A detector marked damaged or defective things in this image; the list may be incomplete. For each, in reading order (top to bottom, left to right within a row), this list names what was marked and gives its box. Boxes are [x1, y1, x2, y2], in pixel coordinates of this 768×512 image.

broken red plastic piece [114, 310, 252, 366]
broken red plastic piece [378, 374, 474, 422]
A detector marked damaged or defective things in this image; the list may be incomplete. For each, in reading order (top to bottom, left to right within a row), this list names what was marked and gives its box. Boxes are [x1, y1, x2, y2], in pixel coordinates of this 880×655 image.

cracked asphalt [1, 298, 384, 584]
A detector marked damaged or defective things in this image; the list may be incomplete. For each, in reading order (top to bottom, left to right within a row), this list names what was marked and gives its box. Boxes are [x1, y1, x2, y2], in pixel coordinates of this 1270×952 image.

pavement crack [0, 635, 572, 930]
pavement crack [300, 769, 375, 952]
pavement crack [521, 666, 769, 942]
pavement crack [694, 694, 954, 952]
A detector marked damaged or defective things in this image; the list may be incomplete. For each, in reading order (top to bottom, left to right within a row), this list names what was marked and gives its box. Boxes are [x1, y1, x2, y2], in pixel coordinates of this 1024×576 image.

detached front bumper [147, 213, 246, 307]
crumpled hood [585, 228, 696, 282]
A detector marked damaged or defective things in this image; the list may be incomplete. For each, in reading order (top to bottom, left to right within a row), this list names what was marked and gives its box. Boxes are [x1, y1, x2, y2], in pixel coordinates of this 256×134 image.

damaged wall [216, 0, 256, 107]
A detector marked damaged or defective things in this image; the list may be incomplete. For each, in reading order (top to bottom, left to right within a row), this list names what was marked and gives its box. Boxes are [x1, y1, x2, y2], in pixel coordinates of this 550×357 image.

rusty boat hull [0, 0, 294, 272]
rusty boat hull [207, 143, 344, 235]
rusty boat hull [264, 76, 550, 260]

--- --- ---

→ TO DO
Retype, exactly and only, the lines running from the one with "this 550×357 image." through the final line of the listing above.

→ RESULT BELOW
A detector marked damaged or defective things in this image; the list may be incomplete. For each, in reading order (top to bottom, left to right within a row), this list names what was marked and gives its box. Boxes are [x1, y1, x2, y2], in pixel coordinates of this 550×357 image.

rusty boat hull [0, 0, 294, 272]
rusty boat hull [207, 143, 344, 235]
rusty boat hull [264, 76, 550, 260]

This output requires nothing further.